Nel settore finanziario, lo scorso anno sono state intentate tre cause contro privati. La prima consiste in una denuncia presentata all’autorità australiana per gli standard pubblicitari contro HSBC che contestava dichiarazioni fuorvianti sulla protezione della Grande Barriera Corallina mentre la seconda ha coinvolto gli amministratori del più grande fondo pensionistico privato del Regno Unito, accusato di essere stato mal gestito, in parte a causa della sovraesposizione ad investimenti legati al settore dei combustibili fossili. Considerata l’importanza della finanza climatica nella lotta i cambiamenti climatici, non sorprende l’interesse crescente dimostrato nei confronti di questo settore.
Ad oggi sono relativamente pochi gli strumenti che garantiscono il diritto di ciascuno ad un ambiente salubre e la situazione varia a seconda dei paesi presi in considerazione. Il primo riconoscimento formale del diritto a un ambiente sano risale alla Dichiarazione di Stoccolma firmata nel 1972. A partire dal 2013, 182 dei 193 paesi membri delle Nazioni Unite hanno riconosciuto questo diritto mediante la loro Costituzione, la legislazione ambientale, le decisioni dei tribunali o la ratifica di un accordo internazionale. Infine, l’8 ottobre 2021 il Consiglio per i diritti umani delle Nazioni Unite ha adottato una risoluzione in cui riconosce che il diritto a un ambiente pulito, sano e sostenibile è un diritto umano. Nonostante la risoluzione non sia legalmente vincolante, rappresenta comunque un passo in avanti verso la realizzazione della drammaticità della crisi climatica in atto e del suo impatto sulla vita delle future generazioni.
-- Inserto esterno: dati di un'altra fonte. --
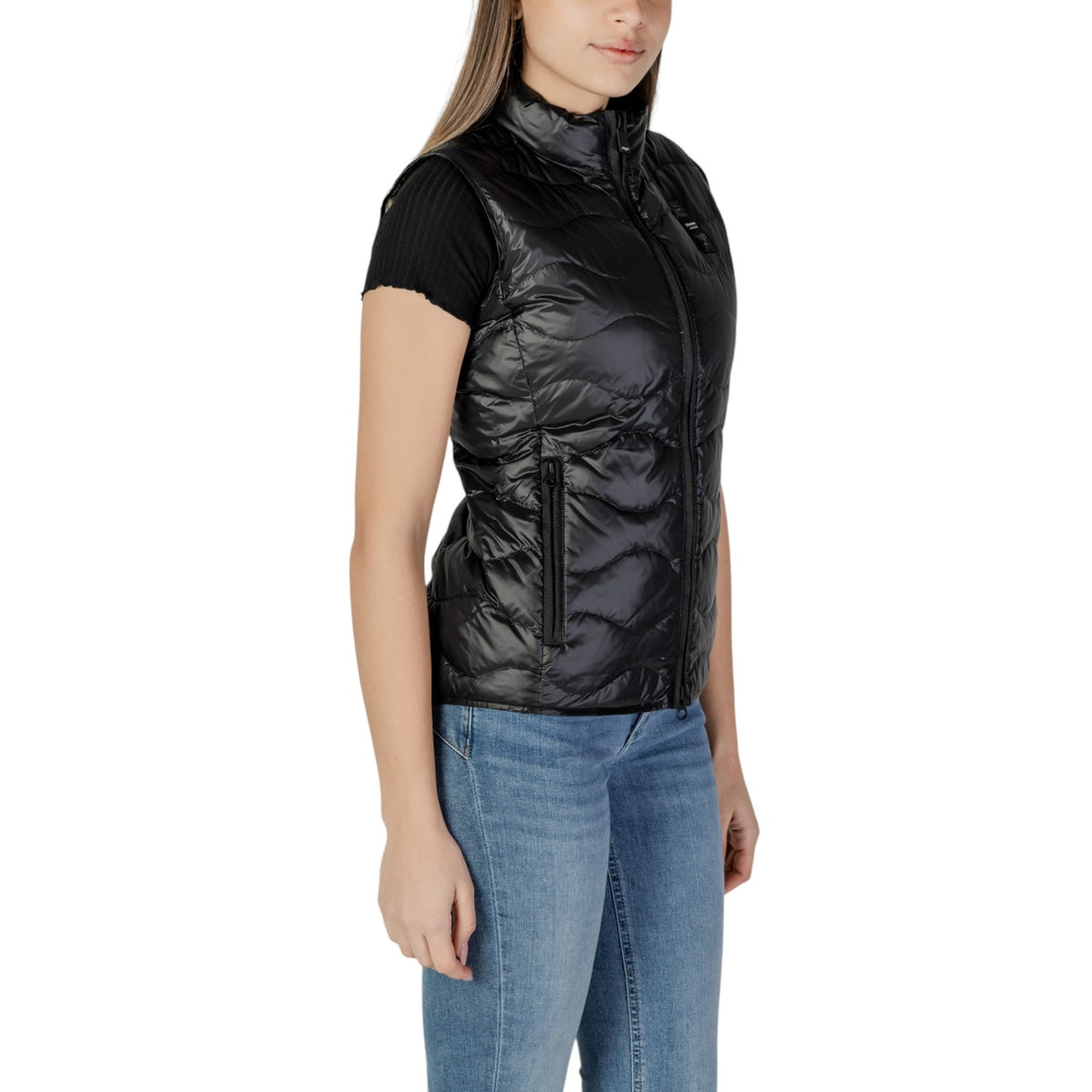 Blauer. Gilet Dames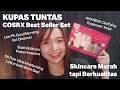 REVIEW COSRX BEST SELLER SET + HARGA | Skincare untuk Kulit Berjerawat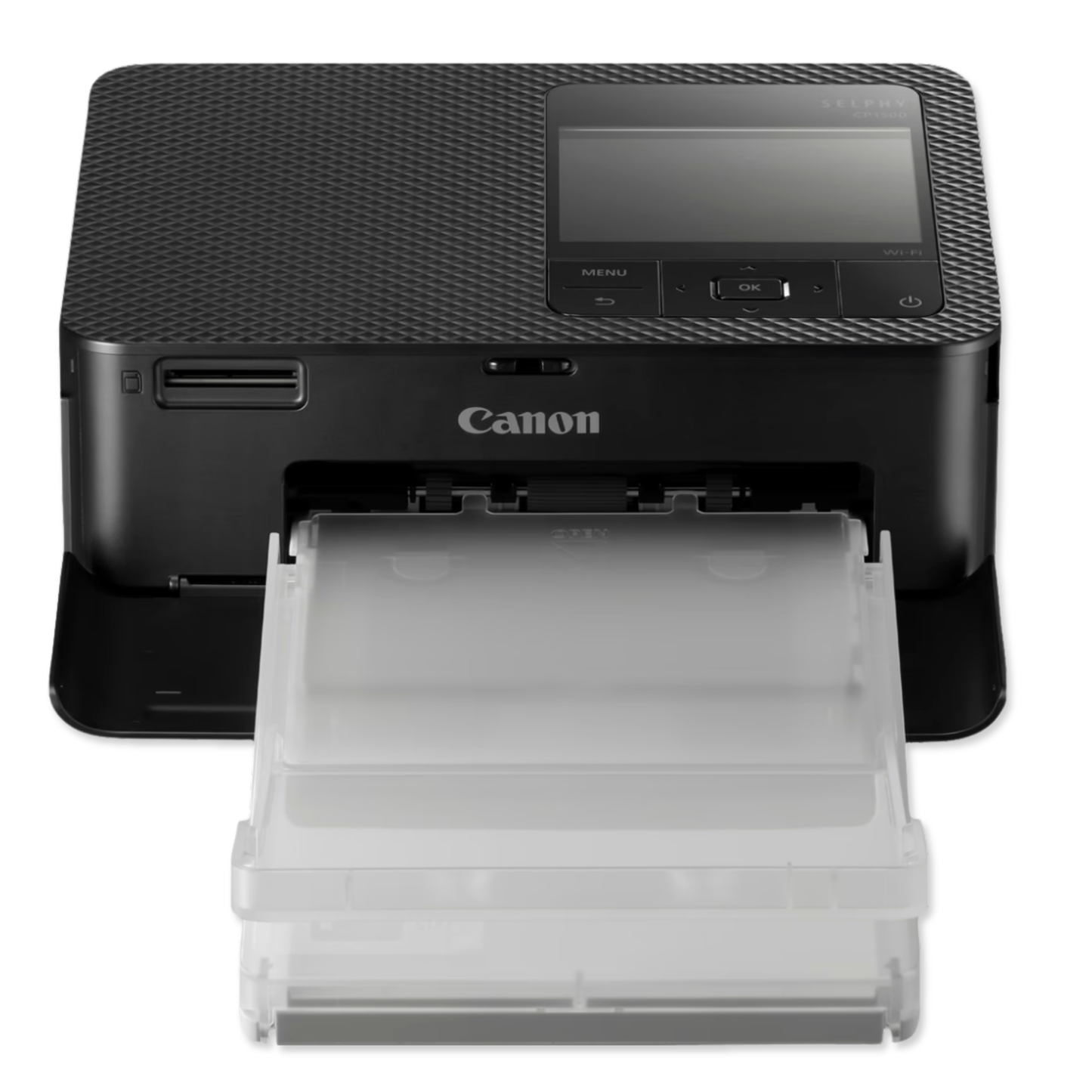 Canon SELPHY QX20 White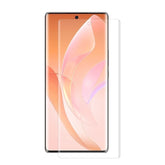 For Honor 60 ENKAY 3D Curved Edge PET Hot Bending Soft Full Film, 1 PCS, 2 PCS, 5 PCS, 10 PCS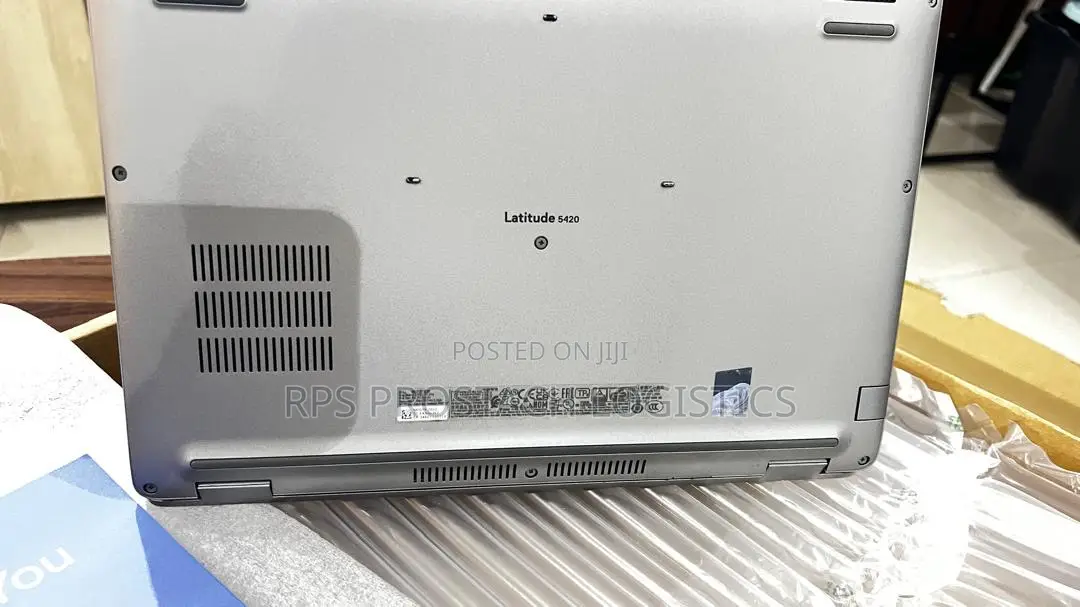 Laptop Dell Latitude 5420 16GB Intel Core i5 SSD 256GB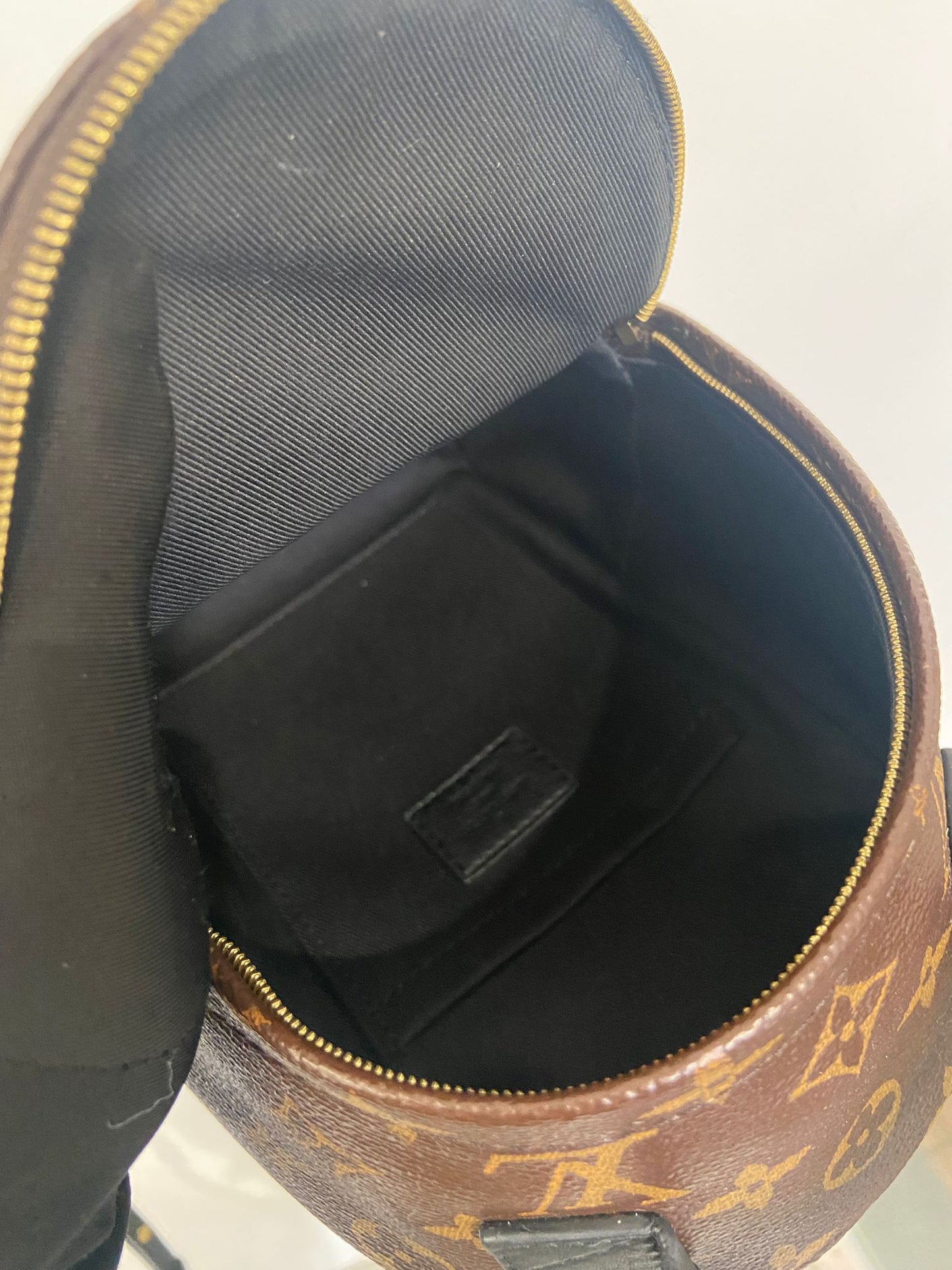 LV Palm Springs Mini 背囊 (M44873)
In Italia, lo scorso febbraio è stato approvato il disegno di legge costituzionale che ha introdotto modifiche agli articoli 9 e 41 della Costituzione in materia di tutela dell’ambiente.
Certamente questi strumenti sono buoni punti di partenza per aumentare la consapevolezza riguardo la necessità di salvaguardare la biodiversità e contenere l’impatto dei cambiamenti climatici, allo stesso tempo il fenomeno delle climate litigations rimane necessario in un contesto di emergenza che mal si accorda con l’approccio poco ambizioso adottato da molti governi.